[Dataset records]
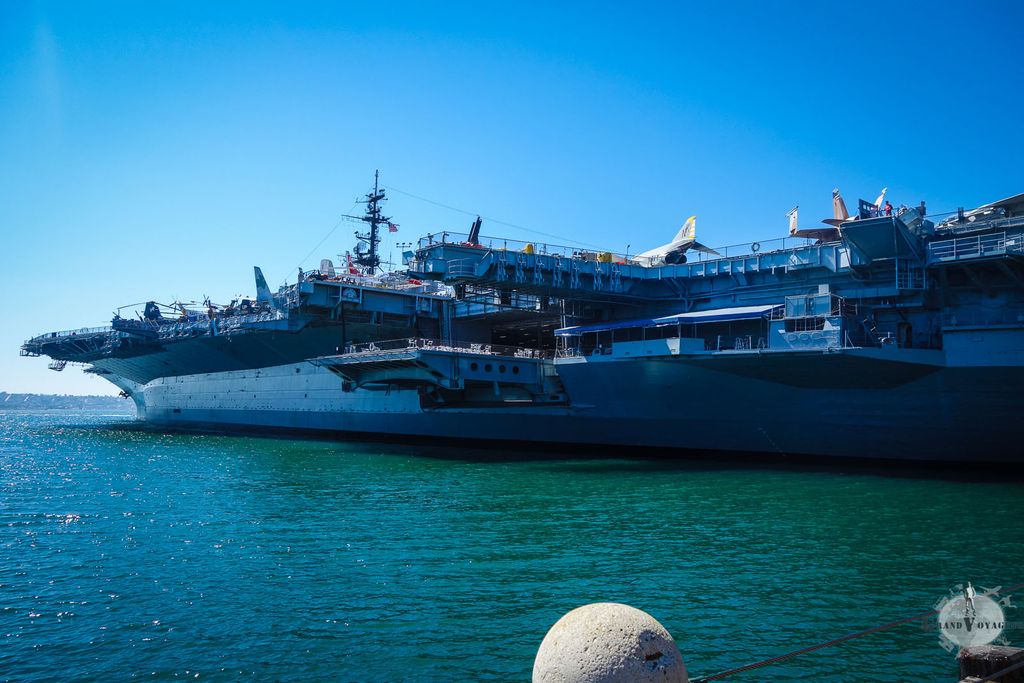 Le USS Midway, un porte-avion reconverti en musée. Tiens, ça me dirait bien de faire un bout de voyage sur un navire pareil... si quelqu'un à des invites 😊 Le USS Midway, un porte-avion reconverti en musée. Tiens, ça me dirait bien de faire un bout de voyage sur un navire pareil... si quelqu'un à des invites 😊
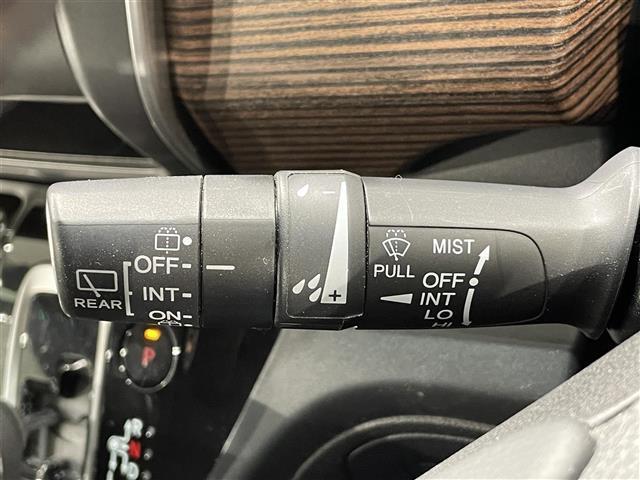 フリードハイブリッド ハイブリッド・クロスターホンダセンシング　純正ナビ　両側パワースライドドア　レーダークルーズコントロール　衝突軽減ブレーキ　シートヒーター　ビルトインＥＴＣ　ＬＥＤヘッドライト　バックカメラ　ドライブレコーダー　純正フロアマット　ＬＥＤフォグ（21枚目）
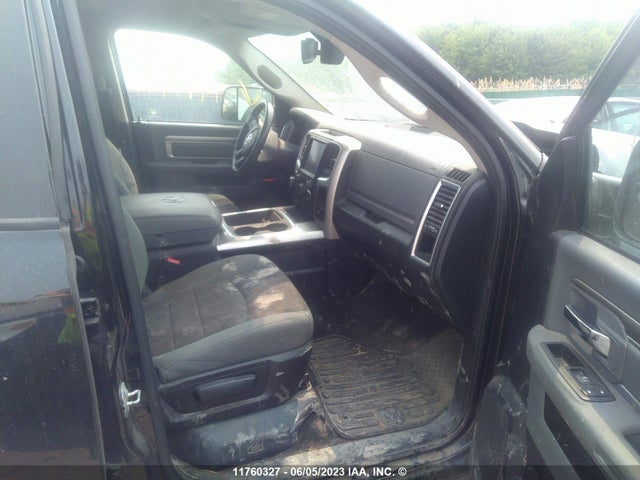 1C6RR7TM7FS744719 RAM 1500 Slt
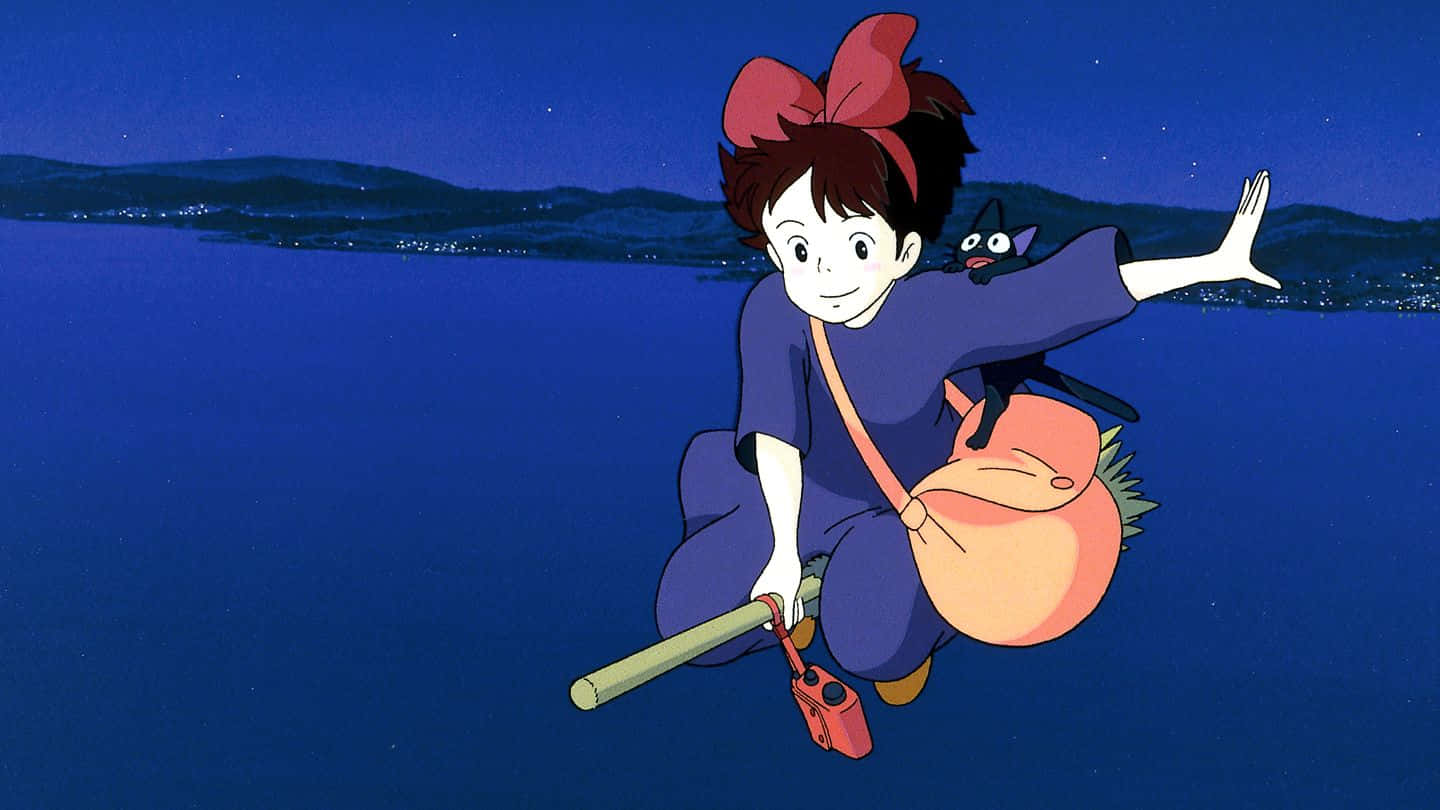 kiki's delivery service 桌布 壁紙 — 一個戴著紅色蝴蝶結嘅年輕女仔騎住掃帚喺星光燦爛嘅夜海上飛，有一隻黑貓企喺佢膊頭上。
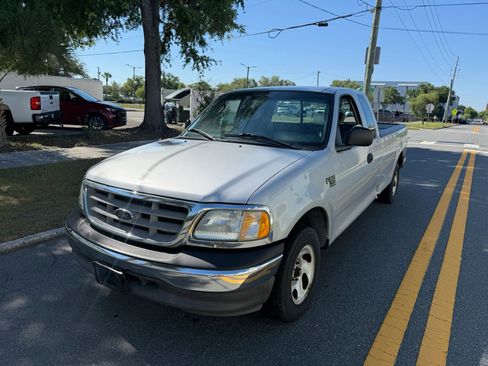 Used 2002 Ford F150 XL RWD image 1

### [Task statement]
Return the records above exactly as written. Do not include their images.

### [Output below]
 Le USS Midway, un porte-avion reconverti en musée. Tiens, ça me dirait bien de faire un bout de voyage sur un navire pareil... si quelqu'un à des invites 😊 Le USS Midway, un porte-avion reconverti en musée. Tiens, ça me dirait bien de faire un bout de voyage sur un navire pareil... si quelqu'un à des invites 😊
 フリードハイブリッド ハイブリッド・クロスターホンダセンシング　純正ナビ　両側パワースライドドア　レーダークルーズコントロール　衝突軽減ブレーキ　シートヒーター　ビルトインＥＴＣ　ＬＥＤヘッドライト　バックカメラ　ドライブレコーダー　純正フロアマット　ＬＥＤフォグ（21枚目）
 1C6RR7TM7FS744719 RAM 1500 Slt
 kiki's delivery service 桌布 壁紙 — 一個戴著紅色蝴蝶結嘅年輕女仔騎住掃帚喺星光燦爛嘅夜海上飛，有一隻黑貓企喺佢膊頭上。
 Used 2002 Ford F150 XL RWD image 1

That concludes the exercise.